Wednesday, March 24, 2010

Making the most of your scenes

I had a minor revelation about a scene I've been working on. It's a basic scene of dialogue between my 16 y.o. main character, Megan, and the boy she's interested in.

I already knew the purpose of the scene; that's something I think about in the plotting phase and often document in the scene-by-scene notes. I'm a firm believer in the idea that every scene can and should serve multiple purposes. For example, the main purpose of this scene was to give the two characters a chance to get to know each other better. However, I was also using it to do some second-hand character building of the third main character--the boy was going to reveal some information to Megan that would give her a bit of a short cut on getting to know this third character.

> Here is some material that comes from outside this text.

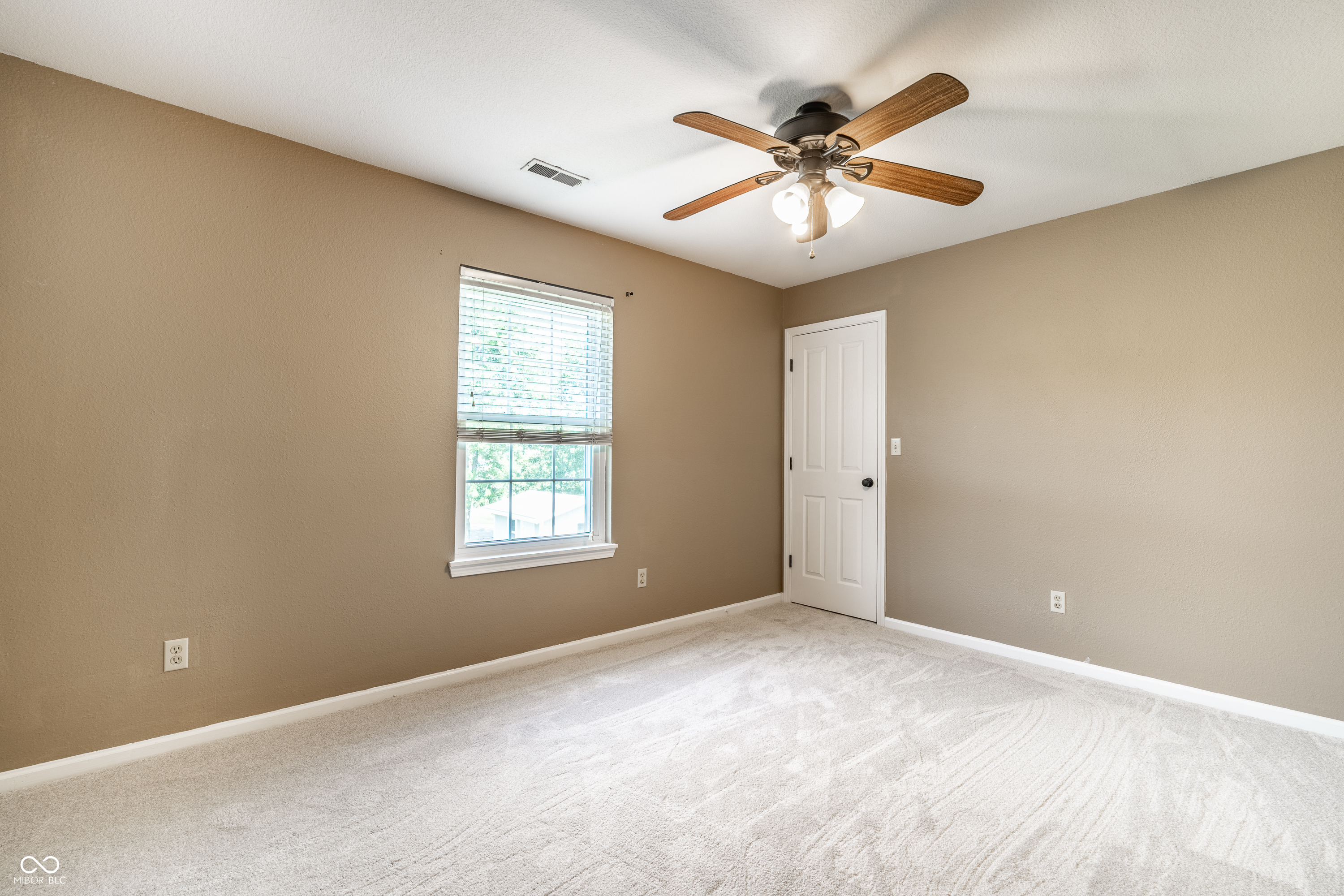 9842 Herald Square Fishers, IN 46038 - Photo 22 of 38 Gallery Image 22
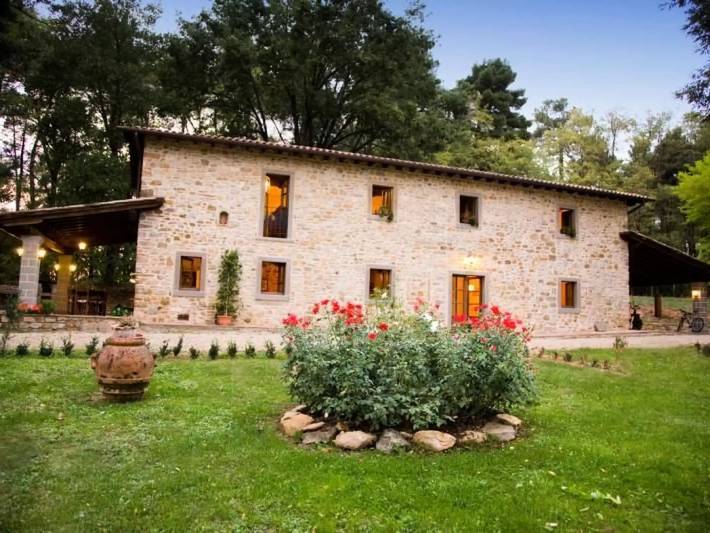 Ferienhaus für 2 Personen, mit Garten und Pool in Poppi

Now, this is a pretty rudimentary example of the whole multiple-purpose scene thing. Presumably, everyone's characters are discussing something more relevant to the story than the weather in their dialogue scenes, so they're probably imparting information to readers about other events or characters in the story just as I'm doing in the example above.

However, I had stopped there with my intentions for the scene. I was prepared to have the dialogue be sort of fun and lighthearted - a chance for the reader to start to fall in love with the boy, as well as Megan. Which would be fine.

But then I thought again about the purpose of the scene. About its potential. About Megan's relationship to this boy and his to her and why they would eventually be drawn to each other. It certainly isn't because of the boy's witty banter, though that doesn't hurt. That's when I realized that I had to underscore their conversation with that reason (no spoilers! haha). I gave it some thought and discovered that I could take a different angle with the conversation and--from this very early dialogue--start laying the groundwork for the reason why the boy will be drawn to Megan instead of other girls and she to him.

Now my scene has even more purpose. My plot should be stronger for this. On page 200, readers should be able to look back to page 30 and see that the seeds were planted long ago for the long awaited "ta-daaaa!" in their relationship.

This is a very basic example of how you can layer purpose into a scene, but it's very current so I thought I'd share. Does anyone else do this consciously?